= Exercise requirements =
Everything in the listing below from the line containing "2019 Caterpillar GP25NT" through the line containing "New 2026 Lincoln" must be repeated exactly; the remaining lines are not wanted.

============================================================

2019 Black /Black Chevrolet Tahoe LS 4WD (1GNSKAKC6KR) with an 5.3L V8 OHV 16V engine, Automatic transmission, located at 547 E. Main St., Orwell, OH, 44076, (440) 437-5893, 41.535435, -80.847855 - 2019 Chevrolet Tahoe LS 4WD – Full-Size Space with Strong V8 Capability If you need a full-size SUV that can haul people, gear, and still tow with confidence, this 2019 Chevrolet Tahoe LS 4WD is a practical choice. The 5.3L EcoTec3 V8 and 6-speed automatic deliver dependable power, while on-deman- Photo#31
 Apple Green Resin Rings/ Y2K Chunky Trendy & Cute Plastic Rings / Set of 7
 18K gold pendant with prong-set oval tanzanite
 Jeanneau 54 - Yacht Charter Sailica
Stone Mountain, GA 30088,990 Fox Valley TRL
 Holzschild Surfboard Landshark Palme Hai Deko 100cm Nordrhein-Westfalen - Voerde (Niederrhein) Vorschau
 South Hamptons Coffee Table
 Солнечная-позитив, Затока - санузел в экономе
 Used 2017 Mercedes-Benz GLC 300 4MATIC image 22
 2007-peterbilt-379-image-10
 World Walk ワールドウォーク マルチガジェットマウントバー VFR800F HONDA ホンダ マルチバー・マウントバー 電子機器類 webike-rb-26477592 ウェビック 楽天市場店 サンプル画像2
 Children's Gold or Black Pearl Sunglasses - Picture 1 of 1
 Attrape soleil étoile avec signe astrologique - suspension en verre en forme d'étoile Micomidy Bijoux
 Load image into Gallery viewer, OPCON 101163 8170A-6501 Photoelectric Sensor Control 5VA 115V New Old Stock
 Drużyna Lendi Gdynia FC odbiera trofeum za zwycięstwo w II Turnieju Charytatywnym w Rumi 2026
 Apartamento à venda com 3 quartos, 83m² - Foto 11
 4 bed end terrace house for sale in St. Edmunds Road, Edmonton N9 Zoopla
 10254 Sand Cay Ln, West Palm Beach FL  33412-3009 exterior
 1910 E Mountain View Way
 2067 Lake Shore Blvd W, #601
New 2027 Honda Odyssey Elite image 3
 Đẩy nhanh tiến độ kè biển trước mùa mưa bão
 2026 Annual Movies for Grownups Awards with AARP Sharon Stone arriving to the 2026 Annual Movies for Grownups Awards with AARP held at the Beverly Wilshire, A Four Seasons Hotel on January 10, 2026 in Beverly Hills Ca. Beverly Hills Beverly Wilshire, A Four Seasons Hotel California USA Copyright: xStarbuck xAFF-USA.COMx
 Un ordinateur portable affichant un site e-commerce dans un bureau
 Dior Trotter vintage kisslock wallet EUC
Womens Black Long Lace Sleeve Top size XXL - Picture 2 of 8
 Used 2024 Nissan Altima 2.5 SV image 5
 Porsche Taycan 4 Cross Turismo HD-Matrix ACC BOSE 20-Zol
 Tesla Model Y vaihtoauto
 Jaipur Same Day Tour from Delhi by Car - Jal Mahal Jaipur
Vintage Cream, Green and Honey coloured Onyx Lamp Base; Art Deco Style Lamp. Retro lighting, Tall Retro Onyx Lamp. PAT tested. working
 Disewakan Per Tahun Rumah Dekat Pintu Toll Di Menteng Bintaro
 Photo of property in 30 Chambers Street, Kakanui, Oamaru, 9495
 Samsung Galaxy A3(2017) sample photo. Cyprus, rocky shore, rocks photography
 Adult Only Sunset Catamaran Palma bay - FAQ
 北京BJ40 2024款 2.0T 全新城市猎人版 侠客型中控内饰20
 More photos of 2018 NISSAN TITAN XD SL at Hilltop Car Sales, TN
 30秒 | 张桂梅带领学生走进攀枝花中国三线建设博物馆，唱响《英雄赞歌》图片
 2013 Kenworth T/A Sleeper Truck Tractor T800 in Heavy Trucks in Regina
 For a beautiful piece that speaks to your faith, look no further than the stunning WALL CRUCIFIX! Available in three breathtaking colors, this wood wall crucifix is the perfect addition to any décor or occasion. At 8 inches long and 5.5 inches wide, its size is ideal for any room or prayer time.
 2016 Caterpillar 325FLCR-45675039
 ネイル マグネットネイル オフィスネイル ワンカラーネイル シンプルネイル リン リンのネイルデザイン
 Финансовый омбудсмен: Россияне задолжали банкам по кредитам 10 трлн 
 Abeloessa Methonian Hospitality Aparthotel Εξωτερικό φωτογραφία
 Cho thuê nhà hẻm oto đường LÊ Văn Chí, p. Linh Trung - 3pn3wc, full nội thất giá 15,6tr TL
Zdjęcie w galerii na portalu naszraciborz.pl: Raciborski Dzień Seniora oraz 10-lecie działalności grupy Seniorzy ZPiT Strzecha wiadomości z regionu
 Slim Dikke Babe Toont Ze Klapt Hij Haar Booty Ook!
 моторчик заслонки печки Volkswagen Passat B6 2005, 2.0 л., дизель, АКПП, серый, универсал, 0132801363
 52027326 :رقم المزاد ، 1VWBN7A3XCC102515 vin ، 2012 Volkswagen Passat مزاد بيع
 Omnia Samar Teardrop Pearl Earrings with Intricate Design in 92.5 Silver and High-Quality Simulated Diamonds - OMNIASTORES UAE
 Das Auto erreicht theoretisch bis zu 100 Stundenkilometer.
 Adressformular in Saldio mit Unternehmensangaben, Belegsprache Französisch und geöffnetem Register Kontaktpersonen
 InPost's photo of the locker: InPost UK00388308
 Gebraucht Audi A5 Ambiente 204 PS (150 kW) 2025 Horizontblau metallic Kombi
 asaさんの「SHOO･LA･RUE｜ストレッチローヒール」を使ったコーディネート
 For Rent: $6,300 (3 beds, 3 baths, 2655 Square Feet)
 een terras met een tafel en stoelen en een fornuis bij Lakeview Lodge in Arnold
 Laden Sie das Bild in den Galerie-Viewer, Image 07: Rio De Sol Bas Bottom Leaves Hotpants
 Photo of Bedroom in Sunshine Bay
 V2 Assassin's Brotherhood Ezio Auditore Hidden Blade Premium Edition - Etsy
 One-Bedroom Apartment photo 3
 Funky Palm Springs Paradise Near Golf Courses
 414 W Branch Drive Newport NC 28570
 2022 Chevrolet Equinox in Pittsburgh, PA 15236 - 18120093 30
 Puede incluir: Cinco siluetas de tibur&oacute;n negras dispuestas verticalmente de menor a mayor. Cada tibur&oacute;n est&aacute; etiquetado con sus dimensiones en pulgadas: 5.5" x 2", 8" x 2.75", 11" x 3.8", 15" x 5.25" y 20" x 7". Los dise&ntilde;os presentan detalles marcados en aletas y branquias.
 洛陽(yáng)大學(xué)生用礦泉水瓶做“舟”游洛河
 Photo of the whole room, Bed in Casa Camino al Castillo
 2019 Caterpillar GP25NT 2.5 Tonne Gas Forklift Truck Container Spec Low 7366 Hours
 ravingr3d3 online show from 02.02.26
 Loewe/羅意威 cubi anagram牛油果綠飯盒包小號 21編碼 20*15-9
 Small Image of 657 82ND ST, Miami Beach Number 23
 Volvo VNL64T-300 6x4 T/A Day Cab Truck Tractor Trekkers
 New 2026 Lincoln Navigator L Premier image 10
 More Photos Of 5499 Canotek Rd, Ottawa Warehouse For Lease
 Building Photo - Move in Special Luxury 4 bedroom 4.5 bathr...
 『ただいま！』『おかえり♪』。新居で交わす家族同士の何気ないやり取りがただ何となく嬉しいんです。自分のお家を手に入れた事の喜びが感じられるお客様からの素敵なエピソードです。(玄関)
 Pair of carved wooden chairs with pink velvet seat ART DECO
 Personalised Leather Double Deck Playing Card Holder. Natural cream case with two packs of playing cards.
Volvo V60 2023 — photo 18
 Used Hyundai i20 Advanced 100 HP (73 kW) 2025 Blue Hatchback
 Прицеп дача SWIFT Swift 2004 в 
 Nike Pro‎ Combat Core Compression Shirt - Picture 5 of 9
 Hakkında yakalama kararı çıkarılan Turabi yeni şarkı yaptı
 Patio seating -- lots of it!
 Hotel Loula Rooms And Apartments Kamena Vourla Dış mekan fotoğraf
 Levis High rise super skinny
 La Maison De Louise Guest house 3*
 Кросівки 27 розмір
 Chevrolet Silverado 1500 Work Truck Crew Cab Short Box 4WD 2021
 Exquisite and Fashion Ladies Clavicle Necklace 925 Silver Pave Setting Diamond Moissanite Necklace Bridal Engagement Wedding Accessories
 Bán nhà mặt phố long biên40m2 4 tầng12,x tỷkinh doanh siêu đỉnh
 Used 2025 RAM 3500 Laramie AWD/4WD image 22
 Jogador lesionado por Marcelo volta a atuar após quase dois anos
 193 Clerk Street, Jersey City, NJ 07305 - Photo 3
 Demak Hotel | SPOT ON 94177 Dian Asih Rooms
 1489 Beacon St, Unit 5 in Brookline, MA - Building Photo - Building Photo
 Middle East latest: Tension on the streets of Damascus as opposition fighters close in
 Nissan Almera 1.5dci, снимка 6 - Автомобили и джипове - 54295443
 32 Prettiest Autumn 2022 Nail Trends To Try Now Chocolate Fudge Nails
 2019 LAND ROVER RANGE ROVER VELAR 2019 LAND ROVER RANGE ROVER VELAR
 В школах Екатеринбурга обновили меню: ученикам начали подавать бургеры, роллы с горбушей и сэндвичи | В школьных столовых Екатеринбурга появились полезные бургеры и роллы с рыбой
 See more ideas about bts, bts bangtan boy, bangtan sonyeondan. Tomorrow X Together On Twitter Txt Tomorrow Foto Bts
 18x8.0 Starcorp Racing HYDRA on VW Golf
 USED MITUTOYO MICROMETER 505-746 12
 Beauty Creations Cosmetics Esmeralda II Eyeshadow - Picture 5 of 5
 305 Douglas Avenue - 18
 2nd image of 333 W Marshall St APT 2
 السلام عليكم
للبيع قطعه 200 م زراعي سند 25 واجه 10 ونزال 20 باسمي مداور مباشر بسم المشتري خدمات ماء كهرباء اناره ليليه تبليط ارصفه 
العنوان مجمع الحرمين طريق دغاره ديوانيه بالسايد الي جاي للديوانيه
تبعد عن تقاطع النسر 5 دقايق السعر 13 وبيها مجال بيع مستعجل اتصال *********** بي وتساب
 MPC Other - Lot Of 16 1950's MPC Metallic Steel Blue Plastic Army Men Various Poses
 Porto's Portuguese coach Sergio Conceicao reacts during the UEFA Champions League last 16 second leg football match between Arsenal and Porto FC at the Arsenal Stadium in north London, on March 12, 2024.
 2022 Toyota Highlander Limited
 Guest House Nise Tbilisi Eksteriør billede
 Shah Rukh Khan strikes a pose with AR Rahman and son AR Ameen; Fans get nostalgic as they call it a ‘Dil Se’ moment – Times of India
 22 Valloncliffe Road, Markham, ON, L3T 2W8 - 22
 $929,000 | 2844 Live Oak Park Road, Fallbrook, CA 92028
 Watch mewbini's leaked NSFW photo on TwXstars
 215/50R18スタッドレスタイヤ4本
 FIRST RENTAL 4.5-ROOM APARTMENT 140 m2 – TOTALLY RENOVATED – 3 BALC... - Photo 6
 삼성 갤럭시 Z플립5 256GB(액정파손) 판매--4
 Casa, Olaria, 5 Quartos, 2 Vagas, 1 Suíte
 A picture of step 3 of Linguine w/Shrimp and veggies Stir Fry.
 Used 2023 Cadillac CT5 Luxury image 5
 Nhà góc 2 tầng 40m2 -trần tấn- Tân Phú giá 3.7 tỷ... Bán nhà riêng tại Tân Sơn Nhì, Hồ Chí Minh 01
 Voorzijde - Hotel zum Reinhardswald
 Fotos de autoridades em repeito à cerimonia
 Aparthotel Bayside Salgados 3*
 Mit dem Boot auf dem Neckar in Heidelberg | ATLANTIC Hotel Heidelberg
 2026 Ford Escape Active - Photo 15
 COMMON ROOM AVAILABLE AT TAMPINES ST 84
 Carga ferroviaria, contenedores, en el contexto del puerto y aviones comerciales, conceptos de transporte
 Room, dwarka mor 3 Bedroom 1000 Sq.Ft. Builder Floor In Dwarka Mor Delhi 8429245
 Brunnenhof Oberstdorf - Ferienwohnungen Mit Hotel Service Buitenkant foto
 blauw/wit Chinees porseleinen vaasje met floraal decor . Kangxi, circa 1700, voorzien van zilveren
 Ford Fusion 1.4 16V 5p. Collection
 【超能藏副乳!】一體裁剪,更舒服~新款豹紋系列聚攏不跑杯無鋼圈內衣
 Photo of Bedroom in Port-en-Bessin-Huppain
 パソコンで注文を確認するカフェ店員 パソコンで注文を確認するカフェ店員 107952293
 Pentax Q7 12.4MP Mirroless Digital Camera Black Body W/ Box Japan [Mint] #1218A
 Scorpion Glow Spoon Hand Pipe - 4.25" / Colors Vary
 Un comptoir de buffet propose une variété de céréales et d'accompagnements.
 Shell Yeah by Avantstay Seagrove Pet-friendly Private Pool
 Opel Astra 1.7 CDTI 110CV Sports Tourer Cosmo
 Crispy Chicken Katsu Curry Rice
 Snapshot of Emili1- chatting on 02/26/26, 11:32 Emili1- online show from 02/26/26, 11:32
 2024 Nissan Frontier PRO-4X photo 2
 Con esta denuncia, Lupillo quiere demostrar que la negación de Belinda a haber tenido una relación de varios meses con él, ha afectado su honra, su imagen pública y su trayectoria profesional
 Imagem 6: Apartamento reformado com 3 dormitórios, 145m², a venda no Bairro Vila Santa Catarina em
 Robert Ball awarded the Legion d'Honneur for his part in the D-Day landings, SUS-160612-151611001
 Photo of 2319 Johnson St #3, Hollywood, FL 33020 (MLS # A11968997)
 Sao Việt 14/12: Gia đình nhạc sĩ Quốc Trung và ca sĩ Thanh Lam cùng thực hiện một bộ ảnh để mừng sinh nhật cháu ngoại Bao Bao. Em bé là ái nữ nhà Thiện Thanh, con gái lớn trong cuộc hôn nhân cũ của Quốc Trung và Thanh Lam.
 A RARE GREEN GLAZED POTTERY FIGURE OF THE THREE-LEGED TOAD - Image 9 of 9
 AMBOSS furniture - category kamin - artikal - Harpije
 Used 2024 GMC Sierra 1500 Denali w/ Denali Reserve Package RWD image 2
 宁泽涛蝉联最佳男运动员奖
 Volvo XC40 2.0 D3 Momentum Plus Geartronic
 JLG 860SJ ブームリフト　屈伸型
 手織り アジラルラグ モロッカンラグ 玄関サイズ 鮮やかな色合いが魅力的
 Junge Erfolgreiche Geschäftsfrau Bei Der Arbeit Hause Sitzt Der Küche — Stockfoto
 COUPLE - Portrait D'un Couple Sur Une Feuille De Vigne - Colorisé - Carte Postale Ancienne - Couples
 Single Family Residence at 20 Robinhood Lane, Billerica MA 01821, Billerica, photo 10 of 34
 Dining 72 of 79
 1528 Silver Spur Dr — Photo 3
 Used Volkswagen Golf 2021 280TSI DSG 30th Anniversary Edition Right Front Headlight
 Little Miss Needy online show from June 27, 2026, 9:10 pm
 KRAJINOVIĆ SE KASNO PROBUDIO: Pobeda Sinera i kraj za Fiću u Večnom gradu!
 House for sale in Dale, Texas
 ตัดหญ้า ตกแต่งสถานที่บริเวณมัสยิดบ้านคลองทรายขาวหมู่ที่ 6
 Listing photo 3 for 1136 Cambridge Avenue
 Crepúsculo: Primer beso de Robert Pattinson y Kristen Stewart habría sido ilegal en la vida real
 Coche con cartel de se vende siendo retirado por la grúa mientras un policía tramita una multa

============================================================

= Answer box =
 2019 Caterpillar GP25NT 2.5 Tonne Gas Forklift Truck Container Spec Low 7366 Hours
 ravingr3d3 online show from 02.02.26
 Loewe/羅意威 cubi anagram牛油果綠飯盒包小號 21編碼 20*15-9
 Small Image of 657 82ND ST, Miami Beach Number 23
 Volvo VNL64T-300 6x4 T/A Day Cab Truck Tractor Trekkers
 New 2026 Lincoln Navigator L Premier image 10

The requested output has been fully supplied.